These well-known names help us remember a positive point. Writing anxiety happens to those who can write, to those “intellectually capable of the task at hand, but who nevertheless have difficulty with it” (McLeod). Difficulties are not unexpected. In From Student to Scholar Keith Hjortshoj points out, “[R]unning into trouble, getting confused, and feeling temporarily immobilized are normal writing experiences.”

That writing anxiety is both common and conquerable is comforting for us all.

What causes it?

Writing anxiety is often situational, as Hjortshoj explains in Understanding Writing Blocks. A student may feel confident crafting a letter to a newspaper editor about LGBTQ+ rights, but not a literary analysis essay. Another student might happily draft countless versions of a short story but balk at the thought of writing a research project. Someone else might prefer writing only financial analyses for economics class.

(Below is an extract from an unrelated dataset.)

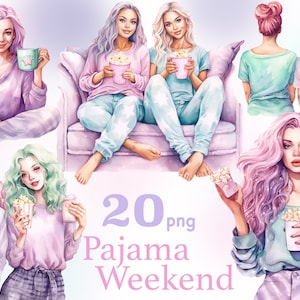 Pyjama party girls clipart, clipart filles fashion, filles en chaussons png, image design BF, clipart sœurs, illustrations bf, amitié png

Several worries and uncertainties contribute:

  • Fear of judgment
  • Fear of not doing well
  • Fear that criticism of an essay is the same as criticism of a person’s self-worth
  • Fear from past bad memories and negative experiences with academic writing
  • Fear that a teacher will not agree with your argument
  • Concerns for grade point averages
  • Fear of being judged “arbitrarily”
  • Conflicting information on how to write
  • Pressure of feeling the first draft must be perfect
  • Misconception that every word must be edited as you work on a first draft
  • Fear of writing any essay that is less than “perfect”
  • Disorientation from not managing time and multiple projects well
  • Impatience with creating any draft past the first one
  • Feeling alone in the process

What strategies are helpful for dealing with writing anxiety?

Get support.

  • Remember that for all the ways that writing is a solitary activity, it is also about community and dialogue. Reach out for help to your campus Writing Center. Read “Why Visit Your Campus Writing Center?” (Raforth).
  • Find a good tutor.
  • Get to know your teacher. Drop in for office hours. Make an appointment.
  • Talk to friends and family. Sound out ideas over the phone. You can hone an argument that way.
  • Find a writing buddy who encourages you throughout the semester to keep revising, who reads your work and gives you feedback, who listens to you worry, and who cheers when you’re successful.
  • Engage in peer reviews in class.
  • If the stress feels too much, go for a walk, listen to music, step out into nature (could even be a park or a green neighborhood). Then try again.
  • If the I’m-too-stressed feeling persists, find a counselor on campus, or ask your teacher to help you find a counselor to talk with.

Develop a mindset focused on the opportunity to return to and revise your work.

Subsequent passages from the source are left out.